▶ DATA SUPPLIED

__________

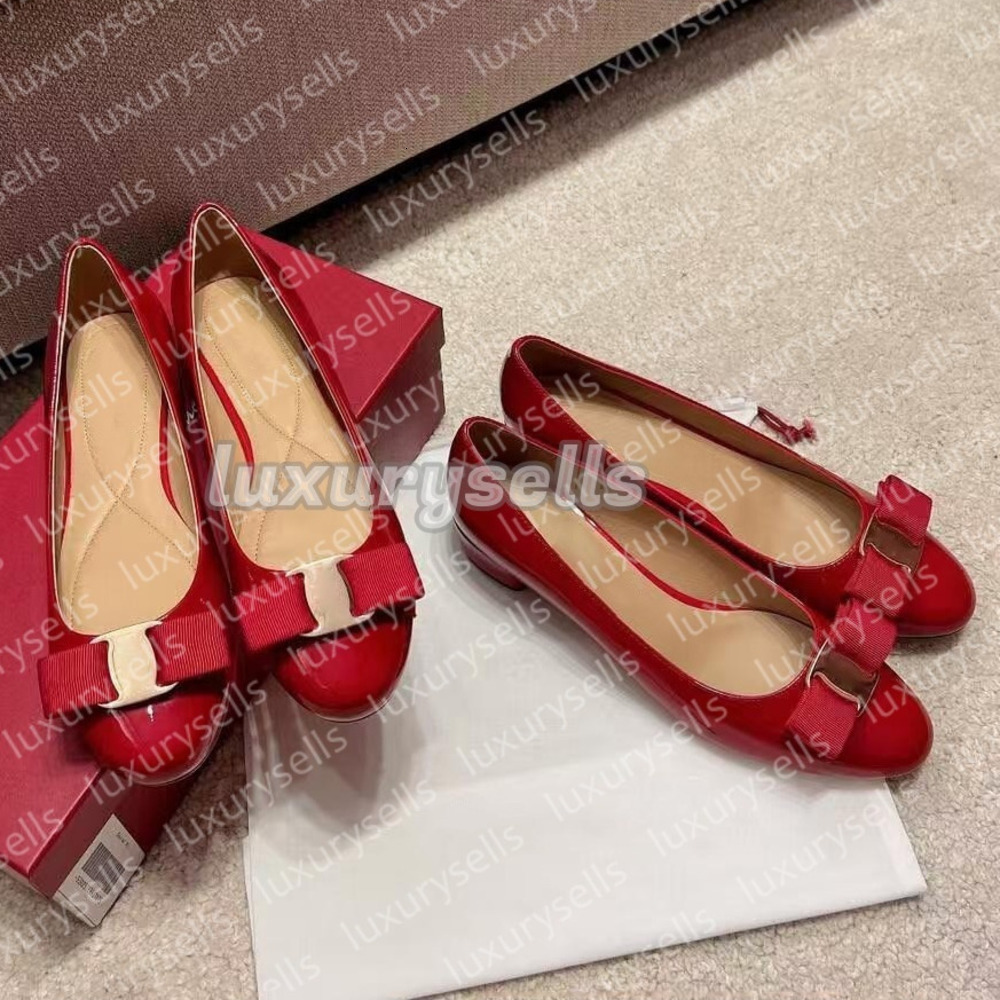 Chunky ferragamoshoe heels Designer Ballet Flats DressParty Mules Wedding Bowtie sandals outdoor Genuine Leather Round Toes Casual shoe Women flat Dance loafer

__________

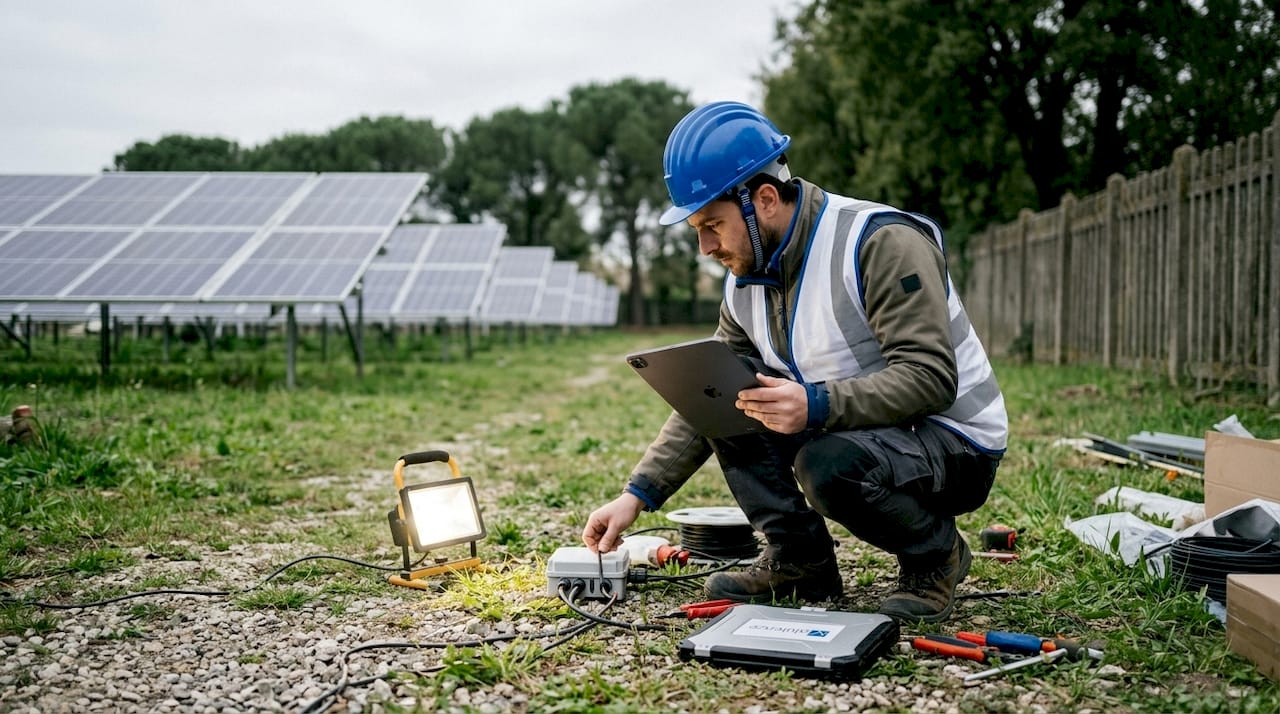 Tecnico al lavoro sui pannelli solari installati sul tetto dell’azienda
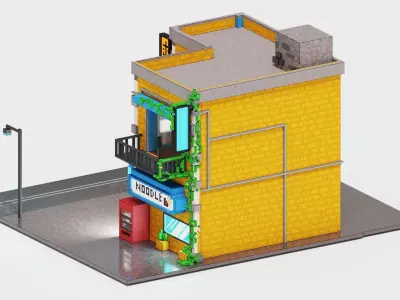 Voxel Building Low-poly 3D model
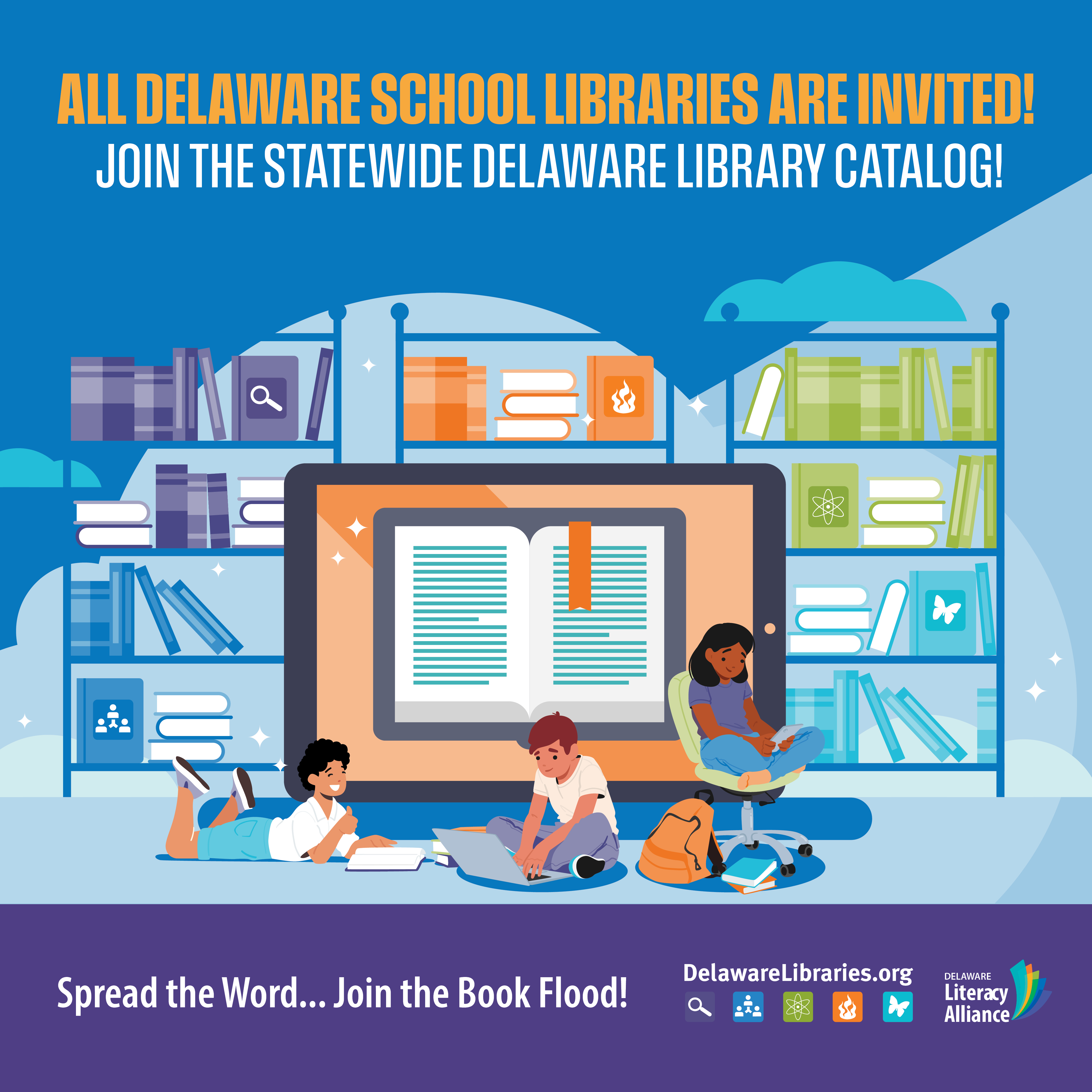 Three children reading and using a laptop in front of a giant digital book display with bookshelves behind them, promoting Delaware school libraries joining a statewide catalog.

__________

▶ PROBLEM DESCRIPTION
Every line above between the one containing "Tecnico al lavoro" and the one containing "Voxel Building Low-poly 3D model", those two included, is to be printed exactly. No pictures go into the copy.

▶ SOLUTION BELOW
 Tecnico al lavoro sui pannelli solari installati sul tetto dell’azienda
 Voxel Building Low-poly 3D model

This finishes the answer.